Flux pinning and phase transitions in model high-temperature superconductors with columnar defects.

Abstract

We calculate the degree of flux pinning by defects in model high-temperature superconductors (HTSC's). The HTSC is modeled as a three-dimensional network of resistively shunted Josephson junctions in an external magnetic field, corresponding to a HTSC in the extreme type-II limit. Disorder is introduced either by randomizing the coupling between grains (model-A disorder) or by removing grains (model-B disorder). Three types of defects are considered: point disorder, random line disorder, and periodic line disorder; but the emphasis is on random line disorder. Static and dynamic properties of the models are determined by Monte Carlo simulations and by solution of the analogous coupled overdamped Josephson equations in the presence of thermal noise.
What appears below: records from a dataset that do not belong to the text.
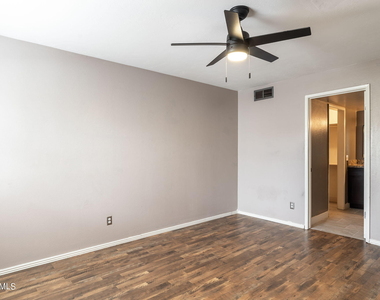 8841 N 8th Street - Photo Thumbnail 6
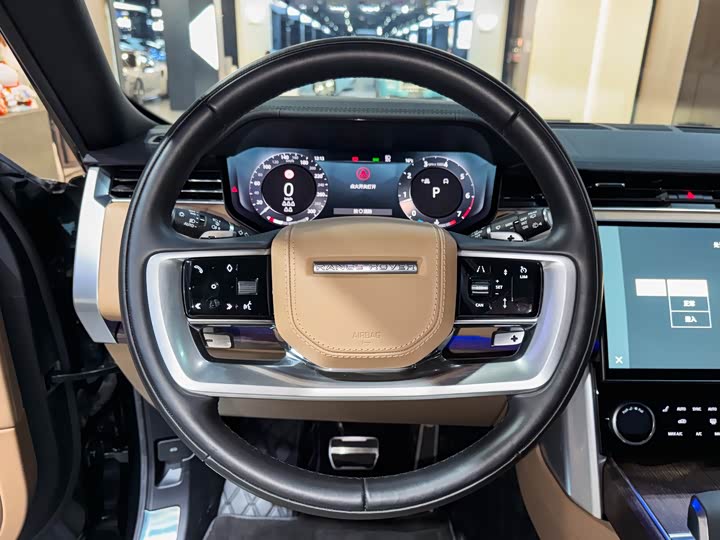 Photo 7 - Land Rover Range Rover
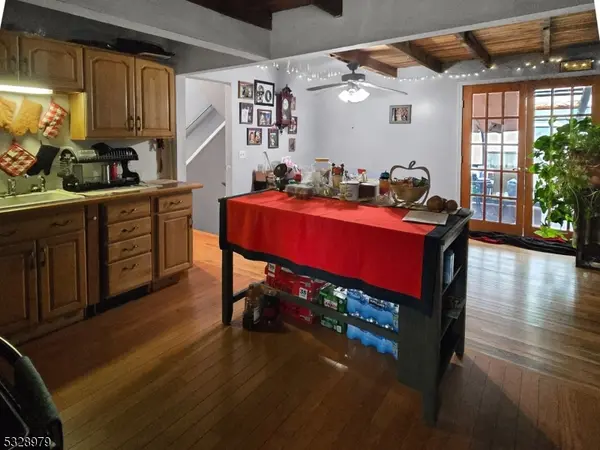 284 Milford-Mt Pleasant Rd, Milford Boro, NJ 08848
Random line defects considerably raise the superconducting transition temperature ${\mathit{T}}_{\mathit{c}}$(B), and increase the apparent critical current density ${\mathit{J}}_{\mathit{c}}$(B,T), in comparison to the defect-free crystal. They are more effective in these respects than a comparable volume density of point defects, in agreement with the experiments of Civale et al. Periodic line defects commensurate with the flux lattice are found to raise ${\mathit{T}}_{\mathit{c}}$(B) even more than do random line defects. Random line defects are most effective when their density approximately equals the flux density. Near ${\mathit{T}}_{\mathit{c}}$(B), our static and dynamic results appear consistent with the anisotropic Bose-glass-scaling hypotheses of Nelson and Vinokur, but with possibly different critical indices.